To do: Beginning with the line that holds "NY license plate FEB7293", copy every remaining line of the listing below exactly, and leave the pictures out.

Information supplied:
────────────────────────────────────────

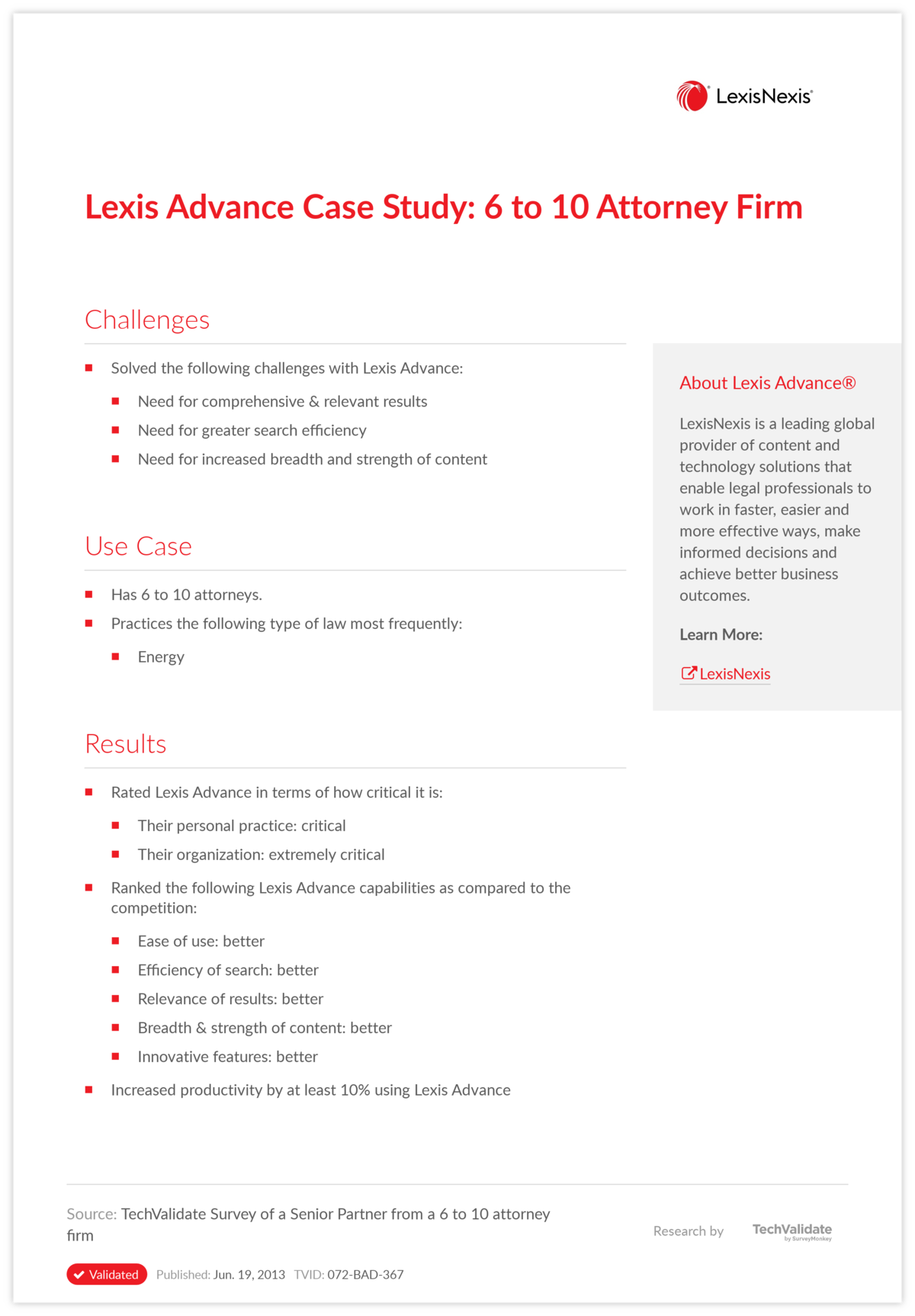 Lexis Advance Case Study: 6 to 10 Attorney Firm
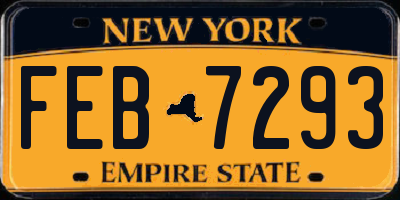 NY license plate FEB7293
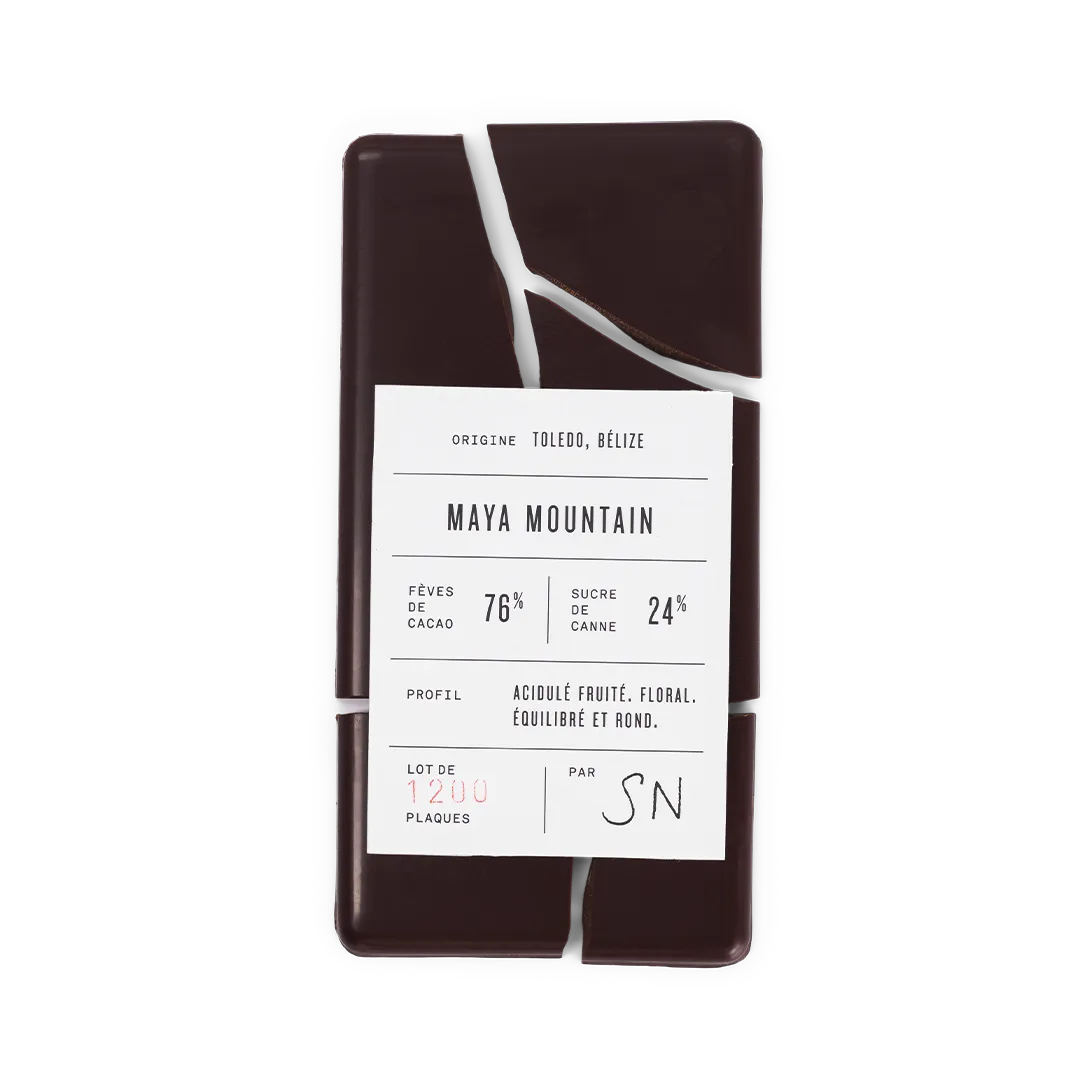 Plaq Noir Maya Mountain 76% tablette chocolat fruite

────────────────────────────────────────

Response below:
 NY license plate FEB7293
 Plaq Noir Maya Mountain 76% tablette chocolat fruite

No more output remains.